Bio-Vision-Inspired Spiking Neural Networks for Object Detection with Event Cameras
Abstract
Retina-like event cameras and brain-inspired Spiking Neural Networks (SNNs) demonstrate exceptional energy efficiency through bio-inspired sensing and computation. While SNNs are naturally well-suited to the asynchronous nature of event data, their practical applications face the following challenges: sensitivity to noise, dense representations that disrupt spike pathways, and insufficient multi-scale feature perception. To address the aforementioned challenges, we propose a bio-vision-inspired object detection method motivated by biological (bio) vision systems. First, at the micro level, this paper proposes a noise-filtering STATNF-Neuron architecture to address the current sensitivity of basic neurons to noise.
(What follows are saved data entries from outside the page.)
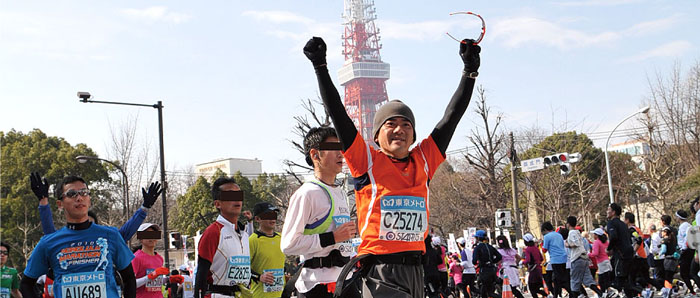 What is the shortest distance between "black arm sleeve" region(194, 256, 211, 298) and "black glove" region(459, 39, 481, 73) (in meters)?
2.96

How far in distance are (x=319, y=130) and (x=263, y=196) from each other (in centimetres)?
4993

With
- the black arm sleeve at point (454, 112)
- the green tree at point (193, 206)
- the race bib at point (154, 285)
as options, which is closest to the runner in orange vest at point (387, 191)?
the black arm sleeve at point (454, 112)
Based on STATNF-Neurons, the paper introduces two bio-vision-inspired macro-structures: Events-to-Spikes Representation (E2S), which preserves spiking characteristics while mimicking the memory and noise-filtering abilities of retinal neurons; Bidirectional Multi-Scale Spiking Network (BiSNet), which simulates cortical information flow pathways to integrate multi-scale features in both directions, enhancing the network's ability to perceive information at multiple scales. Extensive experiments show that the proposed bio-vision-inspired method achieving state-of-the-art performance. Notably, it reaches 96.1\% accuracy on NCAR, 63.5\% mAP\textsubscript{50} on N-Caltech101, and 69.1\% mAP\textsubscript{50} on Gen1.